Taming costs in cloud environments: Rating in OpenStack with CloudKitty

April 15, 202610-minute readApplication modernization

Senior Product Manager - Technical

Senior Software Engineer

Does your private cloud feel like a free-for-all buffet? You know it's providing value, but when the bill comes due, it’s nearly impossible to tell who’s eating what.

In today's dynamic cloud environments, it’s increasingly important to be able to properly attribute costs to internal users, especially for enterprises running their own cloud infrastructure. You need to establish accountability in order to distribute costs fairly among departments or encourage teams to right-size their workloads—and gaining visibility is the first step.

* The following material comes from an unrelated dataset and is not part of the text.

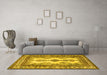 Machine Washable Persian Yellow Traditional Rug in a Living Room, wshtr2633yw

With feature release 5 (FR5) of Red Hat OpenStack Services on OpenShift 18, we are shipping a critical piece to help solve that puzzle: the ability to perform rating based on your tenants' measured usage.

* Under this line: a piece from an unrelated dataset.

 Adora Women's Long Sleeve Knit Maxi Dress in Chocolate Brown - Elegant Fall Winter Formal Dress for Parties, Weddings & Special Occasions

We are introducing CloudKitty, the OpenStack-native rating service, as generally available in FR5. This service fills the gap between your raw technical metrics and your financial operations.

Why is CloudKitty important?

CloudKitty provides a translation layer that turns data about server usage into information that can inform departmental budgets. Think of CloudKitty as the meter reader: it sits between your collected metrics and your FinOps or billing solution. It takes raw technical data, like how many hours a virtual machine (VM) ran or how much storage was consumed, and applies your specific rating rules to generate a report. This helps you achieve 2 major goals:

Transparent cost recovery: You can now see a clear, itemized breakdown of resource usage per tenant. This allows you to recoup operational expenses accurately without surprising internal customers with opaque charges.
Trust and optimization: When tenants see how their own consumption (broken down by project, flavor, and metric) affects their costs, they can make informed decisions, like archiving stale data or optimizing their VM usage.

Note that CloudKitty acts purely as a visibility and rating engine; it does not actively enforce budgets or block the creation of resources (like Nova instances) if a tenant exceeds a certain cost threshold.

How does CloudKitty work?

While not a full billing solution, CloudKitty provides the crucial link between usage and cost. The workflow, in simple terms, goes like this:

Set Rating Rules → Collect Metrics → Generate Rating Reports

Setting the rules

Let’s introduce a sample tenant from our fictional roster: the Ministry of Data. Historically, the Ministry has been spinning up massive VMs for their analytics workloads, and they’re left running long after the computations are done.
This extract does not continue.